Arran’s “Water of Life”

Arran’s “Water of Life” by Kenneth Gibson, MSP

I may be biased, but I can’t think of a better place than Arran to make whisky.

From its beginnings at Loch Na Davie, through the waterfalls of the Easan Biorach burn and finally to the distillery at Lochranza, the path of Arran Malt’s water seems almost made-for-purpose. It’s no wonder then that this relatively modern distillery follows in the footsteps of a much older tradition.

It’s not certain exactly when whisky was first made on Arran, but it certainly dates back centuries. It’s thought that in the 18th century there were around 50 stills on Arran. Of course, it is difficult to know for sure, as few were legal. Most were illicit, homemade stills, also known as “moonlight distilleries.” For centuries, these illicit stills provided an opportunity for small Arran communities to increase their incomes. The resulting whisky, which became known as “Arran Waters.” was then smuggled from Lagg to be sold on the mainland.

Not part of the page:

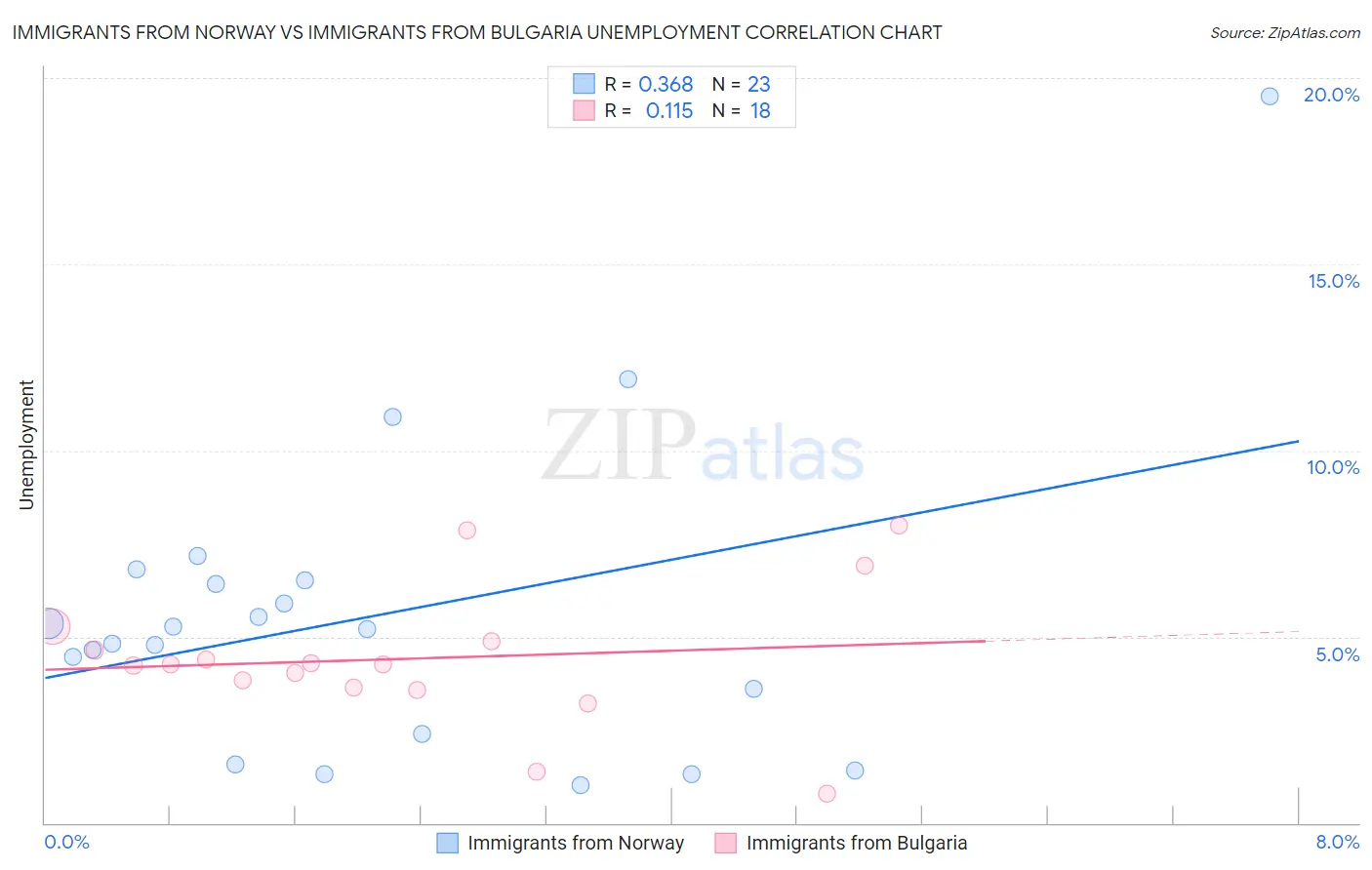 Immigrants from Norway vs Immigrants from Bulgaria Unemployment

The 19th Century brought with it increased regulation and a huge rise in demand, which forced distillers to focus more on producing large quantities than they had before, legally.

Sadly, Arran could not compete with the increasingly industrial scale of Speyside and Highland malt production, from distilleries with superior funding and easier access to resources. One by one, Arran’s distilleries ceased production and in 1837 the Lagg distillery, the last legal distillery on Arran, closed its doors.

It would be over 150 years before Arran saw the return of the distilling tradition.

In 1994 Arran Distillers was founded by Harold Currie, former director of Chivas. Lochranza was identified as the ideal site for the new distillery, as the water is of such high quality, and work began in December that year.

Notwithstanding a short break to allow for the nesting of golden eagles on a cliff near the distillery, work progressed quickly, and the distillery began production in June 1995.

As the connoisseurs amongst us will know, spirit must be matured in oak casks for a minimum of three years to be considered whisky. By the time the first cask of Arran Single Malt Scotch Whisky was opened on 25th July 1998 – by Ewan McGregor, no less – it was the first legal dram created on Arran in over 160 years.

The Arran Malt 10-year-old is instantly recognisable, and it’s difficult to believe it has only been with us since 2006. For such a new distillery, Arran whisky has firmly secured its place on the shelves of bars and collectors alike. The 10-year malt has even garnered something of a reputation as the ideal whisky to entice new drinkers, as it packs a punch of honey and citrus while managing to stay mellow and approachable.

The Lochranza distillery continues to go from strength to strength, winning the coveted Distillery of the Year award in 2007, and Distillery Visitor Experience of the Year in 2014 and 2015.

More recently, Arran has welcomed in a new chapter in its distilling story. The new Lagg Distillery, which began production in March 2019, officially opened to the public in June that same year. While we won’t see any whisky until at least 2022, the rich, smoky flavour promised by the peated barley is sure to be worth the wait!